■ **ASSIGNMENT**
Within the records that follow, restate exactly the lines from the line with "WordPress theme Levelx" down to the line with "CANBO SUP PREM", including both. Omit the pictures.

■ **DATA EXTRACT**
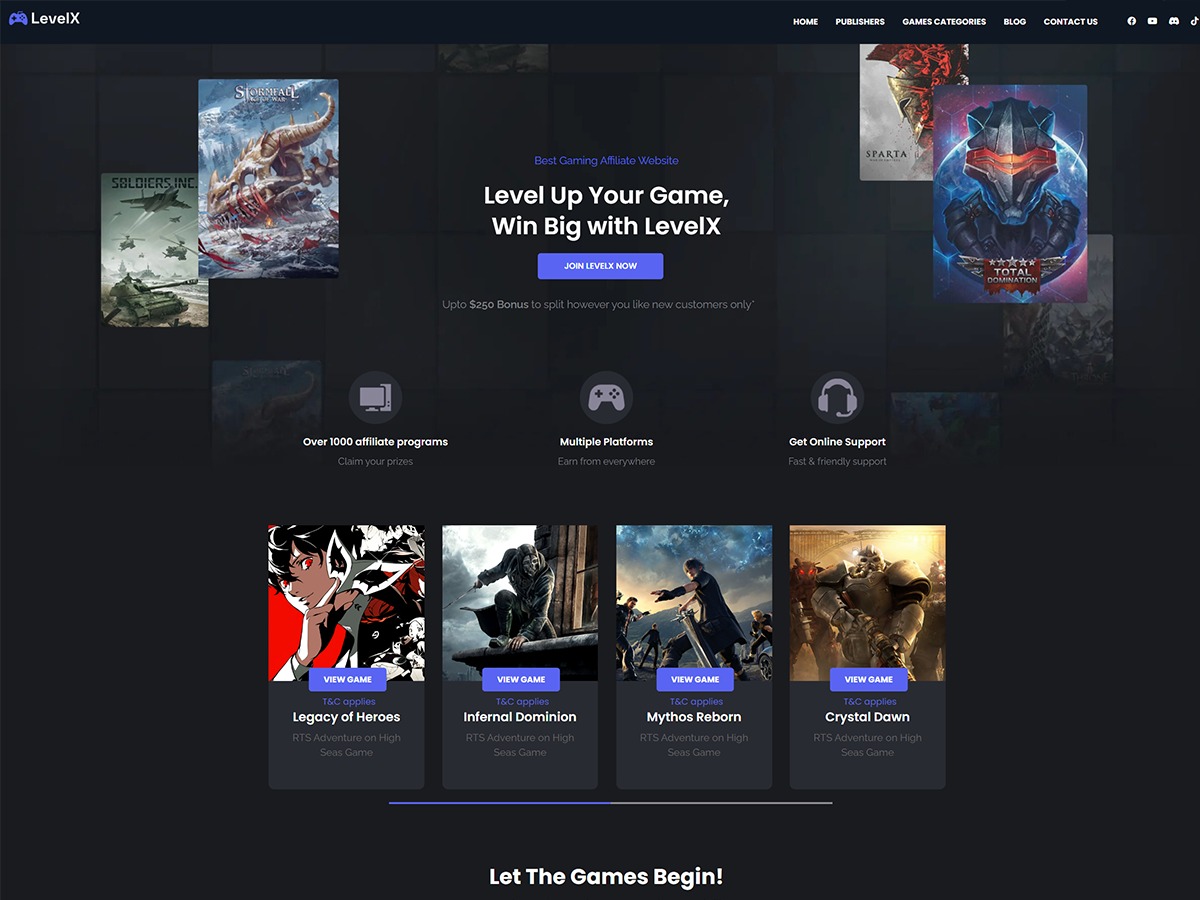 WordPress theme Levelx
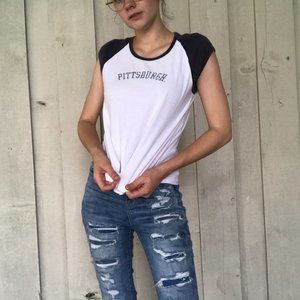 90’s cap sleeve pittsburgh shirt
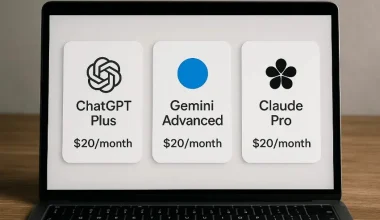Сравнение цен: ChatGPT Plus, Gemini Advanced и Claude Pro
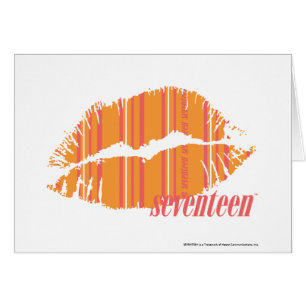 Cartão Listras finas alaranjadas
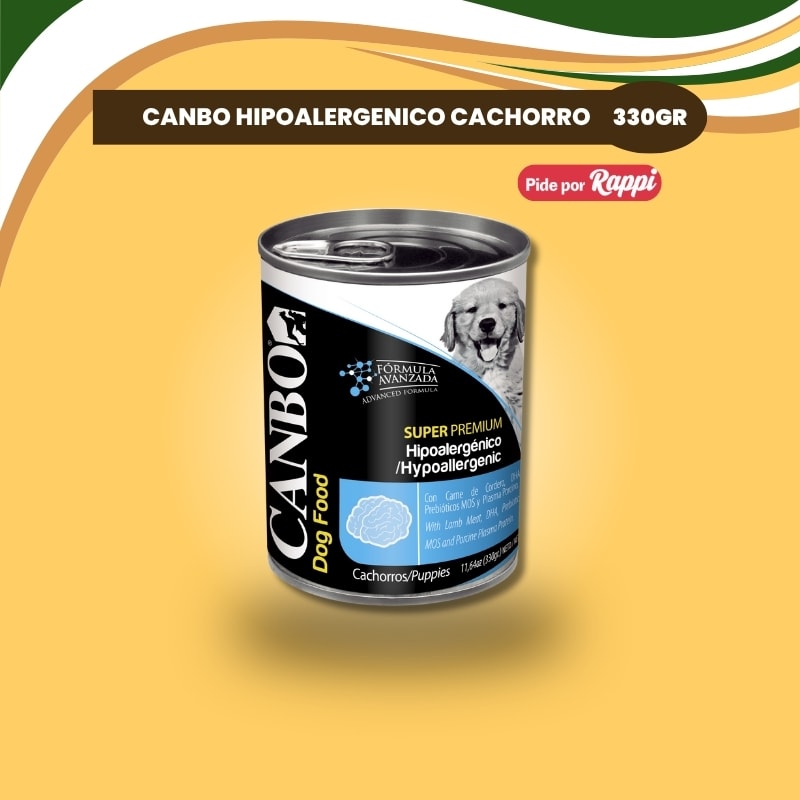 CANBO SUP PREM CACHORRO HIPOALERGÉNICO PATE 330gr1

---

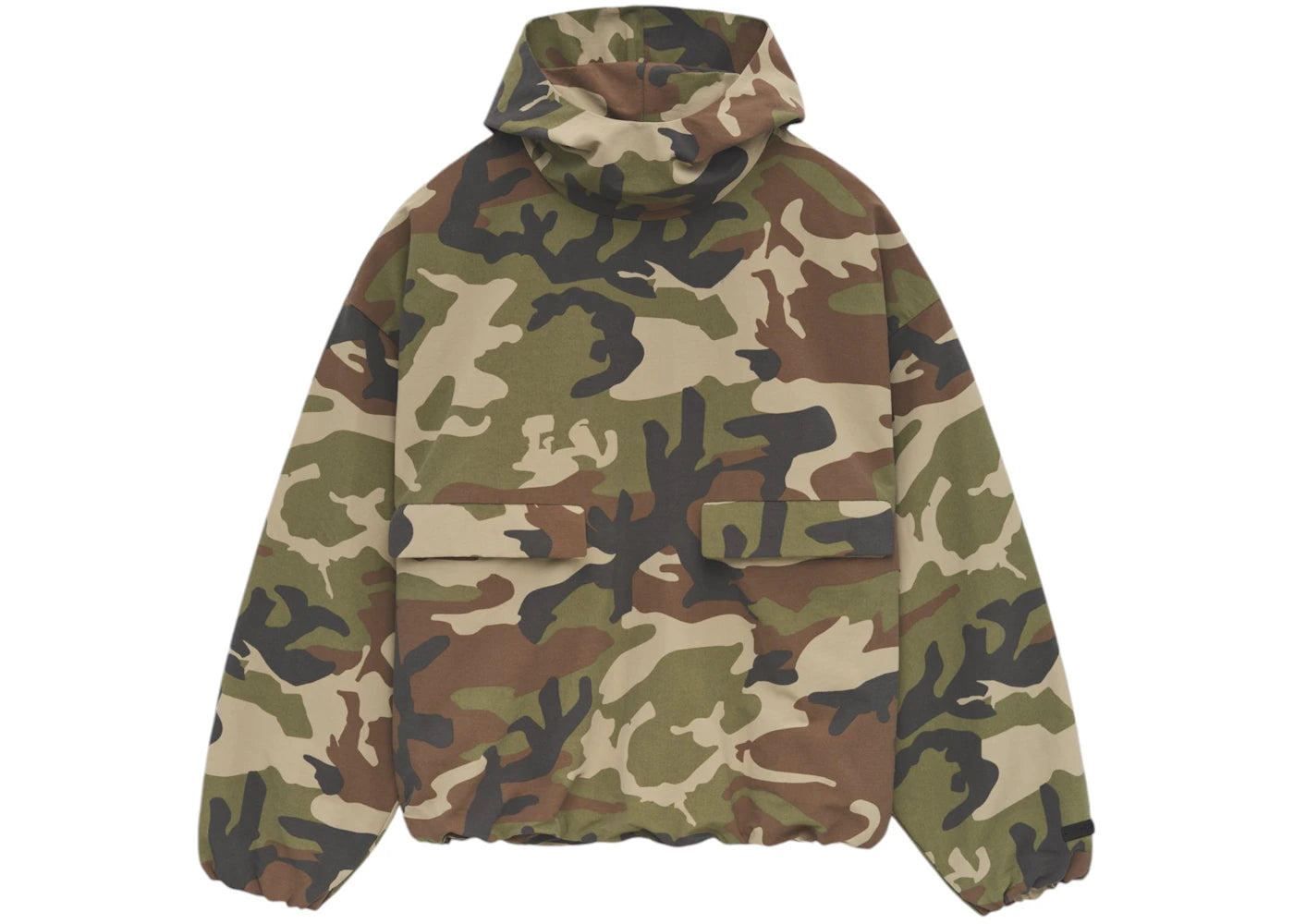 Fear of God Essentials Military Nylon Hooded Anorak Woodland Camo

■ **THE COMPLETED TASK**
 WordPress theme Levelx
 90’s cap sleeve pittsburgh shirt
Сравнение цен: ChatGPT Plus, Gemini Advanced и Claude Pro
 Cartão Listras finas alaranjadas
 CANBO SUP PREM CACHORRO HIPOALERGÉNICO PATE 330gr1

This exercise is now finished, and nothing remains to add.